## [Entries supplied]
%%

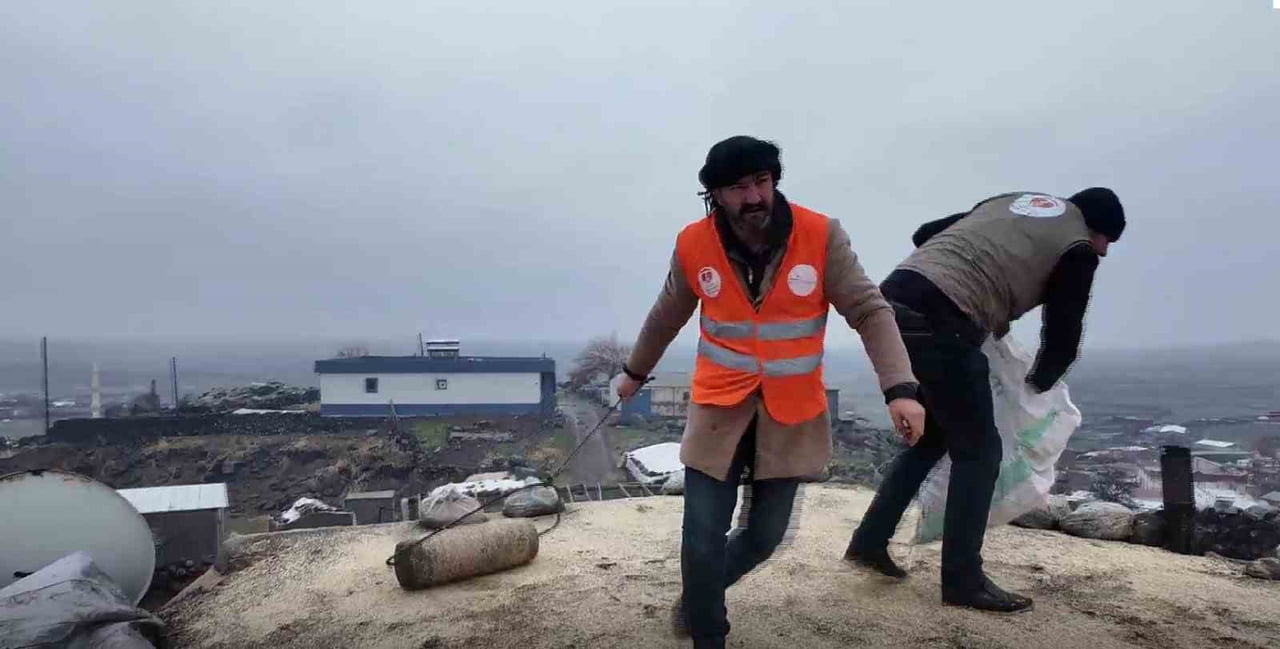 SİVEREK’TE MAĞDUR AİLEYE HAYIRSEVERLERDEN DESTEK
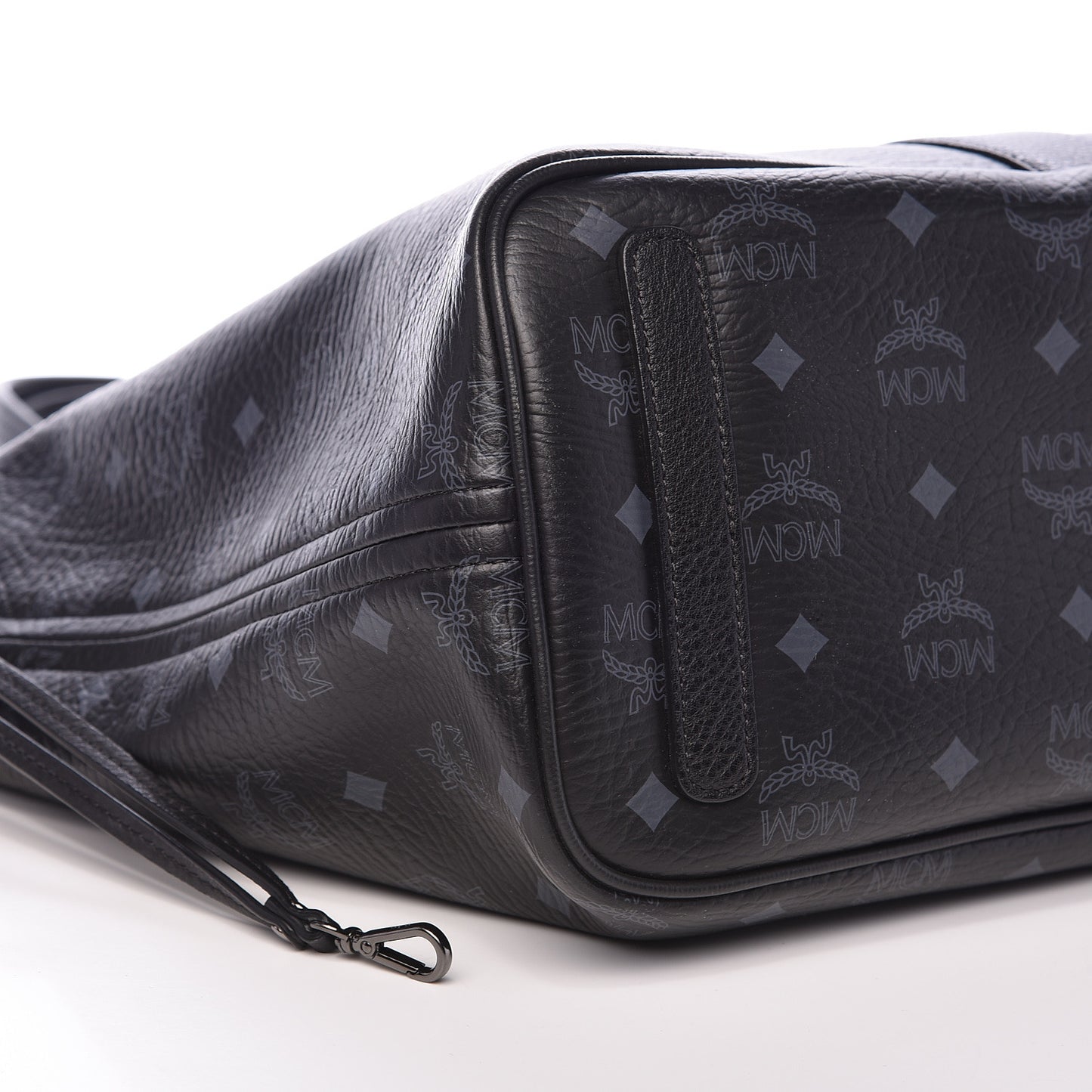 Visetos Medium Liz Reversible Shopper Tote Black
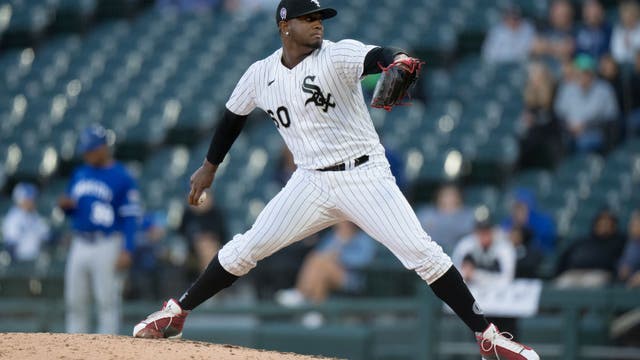 Chicago White Sox trade reliever Gregory Santos to the Seattle Mariners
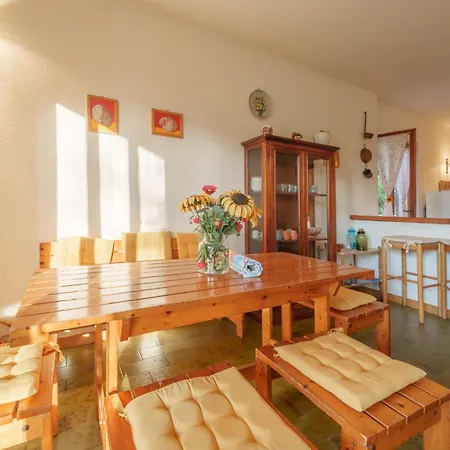 וילה Ai Pini A Punta Perla - Goelba *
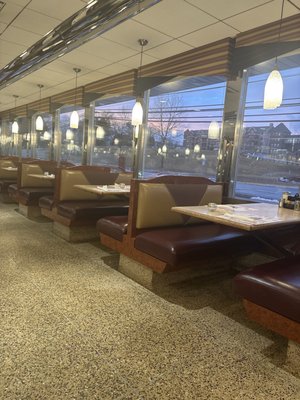 Red Plate Diner by null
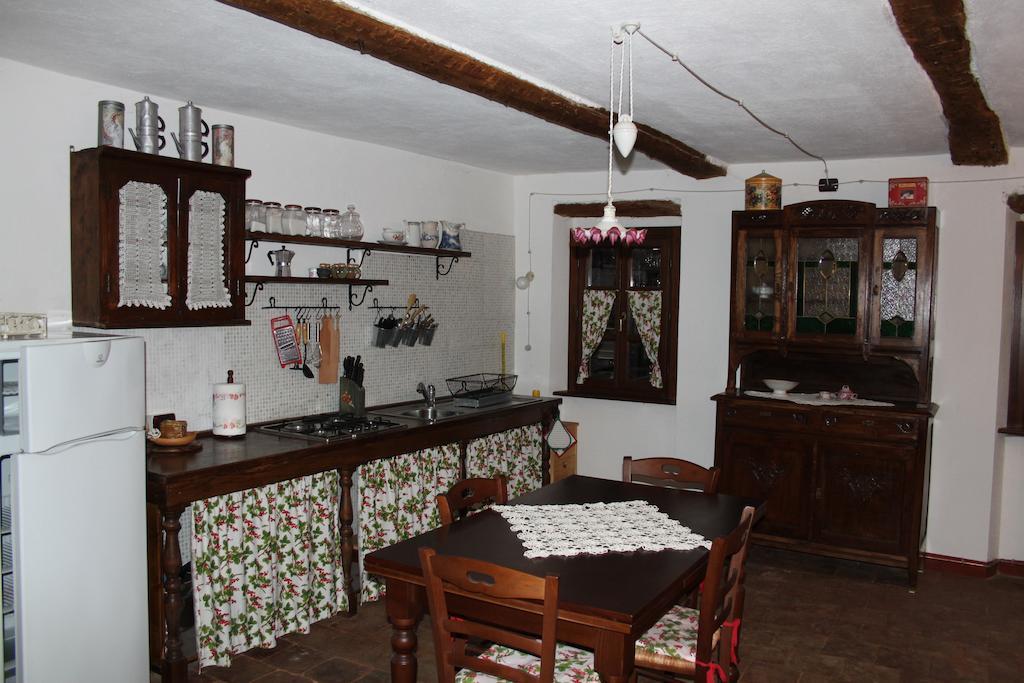 منزل الضيف Calosso  في Casa Giuliana الغرفة الصورة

%%

## [What the exercise asks]
The expected output is exactly the lines from the one containing "Red Plate Diner by null" through the last line of the listing, both included, with every picture left out.

## [Solution for this task]
 Red Plate Diner by null
 منزل الضيف Calosso  في Casa Giuliana الغرفة الصورة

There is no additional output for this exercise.